Она говорила, пока мама моя жива была. Мама при ней умерла на ее глазах, и она перестала. Но она понимает, она понимает, только говорить перестала. Мужа мать позже умерла, много позже. Бабушка с ней (с дочерью) по-фински говорила, а она по-русски отвечала. Понимать она понимает, ну и в детстве говорила хорошо по-фински. Я и сейчас, когда что скажу (по-фински)… А говорить перестала, почему не знаю (TA).
Подводя итоги, отметим следующие ключевые моменты:
- 1. Лишь небольшое количество из опрошенных нами информантов говорили с детьми на диалекте. Для большинства «обучение» детей диалекту понимается не как использования языка в семье, а как посещение курсов и изучение языка в школе. Избегание диалекта в семьях также связано с его низким престижем и желанием научить детей более престижному языку, который бы помог им лучше интегрироваться в общество.

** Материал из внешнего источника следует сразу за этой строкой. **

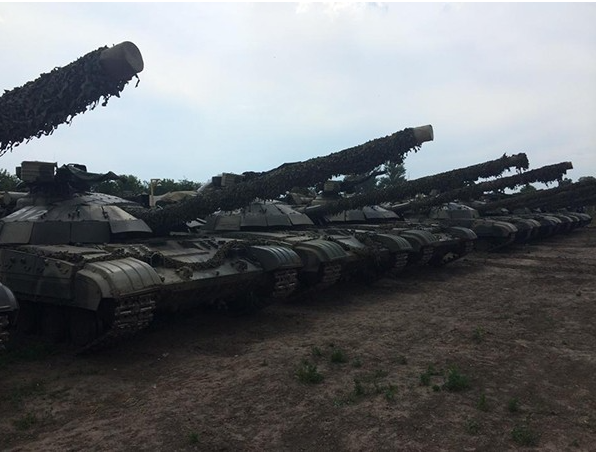 Каратели замуровали украинских танкистов в танках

- 2. В случае, если дети информантов владеют финским языком, то это литературный финский язык, который они выучили на курсах. Диалект при этом оценивается как «обрусевший», «непонятный» и «испорченный» финский язык. Таким образом, престиж финского литературного языка также выше, чем престиж диалекта.
- 3. В некоторых случаях индивид перестает пользоваться языком, так как переживает дискриминацию (LM), либо становится свидетелем трагического события (дочь TA).
- 4. Передача языка в семьях информантов, за редким исключением, остановилась. Переломное поколение не учит уже своих детей диалекту, что отмечают практически все информанты, говоря, что внуки говорят только-по-русски и уже русские, а не финны.
- 5. Информанты практически не выражают заинтересованности в судьбе диалекта, лишь некоторые с сожалением констатируют, что язык уходит.